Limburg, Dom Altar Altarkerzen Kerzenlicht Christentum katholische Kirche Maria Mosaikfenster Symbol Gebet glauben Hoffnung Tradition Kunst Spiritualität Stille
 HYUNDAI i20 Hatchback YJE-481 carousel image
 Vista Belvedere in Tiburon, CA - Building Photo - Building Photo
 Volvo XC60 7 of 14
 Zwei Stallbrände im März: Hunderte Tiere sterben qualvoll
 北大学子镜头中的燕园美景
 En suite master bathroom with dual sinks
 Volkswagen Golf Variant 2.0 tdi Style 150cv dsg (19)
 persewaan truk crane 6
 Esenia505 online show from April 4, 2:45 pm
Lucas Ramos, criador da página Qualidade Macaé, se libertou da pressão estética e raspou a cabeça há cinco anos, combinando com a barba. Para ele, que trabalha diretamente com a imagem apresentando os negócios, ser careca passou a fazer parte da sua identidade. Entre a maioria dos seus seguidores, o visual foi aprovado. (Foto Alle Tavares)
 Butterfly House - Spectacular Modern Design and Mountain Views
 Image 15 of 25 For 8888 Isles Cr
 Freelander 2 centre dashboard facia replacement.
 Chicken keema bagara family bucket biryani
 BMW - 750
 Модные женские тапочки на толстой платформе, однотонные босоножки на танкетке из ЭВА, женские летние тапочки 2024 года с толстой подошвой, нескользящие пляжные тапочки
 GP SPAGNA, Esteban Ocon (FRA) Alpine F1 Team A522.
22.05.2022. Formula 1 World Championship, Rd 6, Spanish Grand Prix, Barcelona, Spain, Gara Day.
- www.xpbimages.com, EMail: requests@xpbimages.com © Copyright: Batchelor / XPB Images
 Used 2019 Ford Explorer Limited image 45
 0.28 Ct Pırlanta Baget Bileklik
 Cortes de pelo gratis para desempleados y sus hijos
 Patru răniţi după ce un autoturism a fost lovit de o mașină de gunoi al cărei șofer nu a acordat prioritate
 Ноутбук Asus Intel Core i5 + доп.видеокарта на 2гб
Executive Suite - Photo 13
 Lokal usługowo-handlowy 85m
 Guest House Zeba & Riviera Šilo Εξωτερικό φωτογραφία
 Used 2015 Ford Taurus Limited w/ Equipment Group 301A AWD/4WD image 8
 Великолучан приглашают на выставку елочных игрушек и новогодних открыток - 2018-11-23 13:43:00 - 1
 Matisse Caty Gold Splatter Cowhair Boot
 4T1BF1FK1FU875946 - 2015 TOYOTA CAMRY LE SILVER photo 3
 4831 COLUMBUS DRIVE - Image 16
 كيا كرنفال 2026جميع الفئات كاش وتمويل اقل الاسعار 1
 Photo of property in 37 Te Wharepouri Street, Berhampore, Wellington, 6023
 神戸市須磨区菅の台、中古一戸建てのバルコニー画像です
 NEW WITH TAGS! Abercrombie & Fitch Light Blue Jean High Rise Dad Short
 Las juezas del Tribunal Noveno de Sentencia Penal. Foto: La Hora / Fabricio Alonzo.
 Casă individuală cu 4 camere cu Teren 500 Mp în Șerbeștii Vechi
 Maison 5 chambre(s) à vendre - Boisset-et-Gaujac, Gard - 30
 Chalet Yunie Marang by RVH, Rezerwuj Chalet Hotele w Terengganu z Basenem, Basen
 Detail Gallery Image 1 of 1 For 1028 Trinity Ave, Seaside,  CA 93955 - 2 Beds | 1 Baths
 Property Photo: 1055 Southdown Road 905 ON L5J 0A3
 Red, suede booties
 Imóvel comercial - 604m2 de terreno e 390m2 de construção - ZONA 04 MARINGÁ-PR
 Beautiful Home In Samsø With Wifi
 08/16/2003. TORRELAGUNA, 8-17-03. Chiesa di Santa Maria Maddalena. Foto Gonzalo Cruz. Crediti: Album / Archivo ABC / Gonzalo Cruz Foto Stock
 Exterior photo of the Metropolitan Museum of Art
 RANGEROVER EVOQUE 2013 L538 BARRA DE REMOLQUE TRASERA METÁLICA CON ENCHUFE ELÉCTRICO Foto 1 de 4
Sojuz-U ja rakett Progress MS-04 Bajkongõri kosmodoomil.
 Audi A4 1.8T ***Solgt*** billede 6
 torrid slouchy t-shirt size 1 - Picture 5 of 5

PROBLEM DETAILS: In the listing above, locate the line containing "Butterfly House - Spectacular" and the line containing "كيا كرنفال 2026جميع". Extract those two lines and every line between them, exactly as written, and only those.

COMPLETED EXERCISE:
 Butterfly House - Spectacular Modern Design and Mountain Views
 Image 15 of 25 For 8888 Isles Cr
 Freelander 2 centre dashboard facia replacement.
 Chicken keema bagara family bucket biryani
 BMW - 750
 Модные женские тапочки на толстой платформе, однотонные босоножки на танкетке из ЭВА, женские летние тапочки 2024 года с толстой подошвой, нескользящие пляжные тапочки
 GP SPAGNA, Esteban Ocon (FRA) Alpine F1 Team A522.
22.05.2022. Formula 1 World Championship, Rd 6, Spanish Grand Prix, Barcelona, Spain, Gara Day.
- www.xpbimages.com, EMail: requests@xpbimages.com © Copyright: Batchelor / XPB Images
 Used 2019 Ford Explorer Limited image 45
 0.28 Ct Pırlanta Baget Bileklik
 Cortes de pelo gratis para desempleados y sus hijos
 Patru răniţi după ce un autoturism a fost lovit de o mașină de gunoi al cărei șofer nu a acordat prioritate
 Ноутбук Asus Intel Core i5 + доп.видеокарта на 2гб
Executive Suite - Photo 13
 Lokal usługowo-handlowy 85m
 Guest House Zeba & Riviera Šilo Εξωτερικό φωτογραφία
 Used 2015 Ford Taurus Limited w/ Equipment Group 301A AWD/4WD image 8
 Великолучан приглашают на выставку елочных игрушек и новогодних открыток - 2018-11-23 13:43:00 - 1
 Matisse Caty Gold Splatter Cowhair Boot
 4T1BF1FK1FU875946 - 2015 TOYOTA CAMRY LE SILVER photo 3
 4831 COLUMBUS DRIVE - Image 16
 كيا كرنفال 2026جميع الفئات كاش وتمويل اقل الاسعار 1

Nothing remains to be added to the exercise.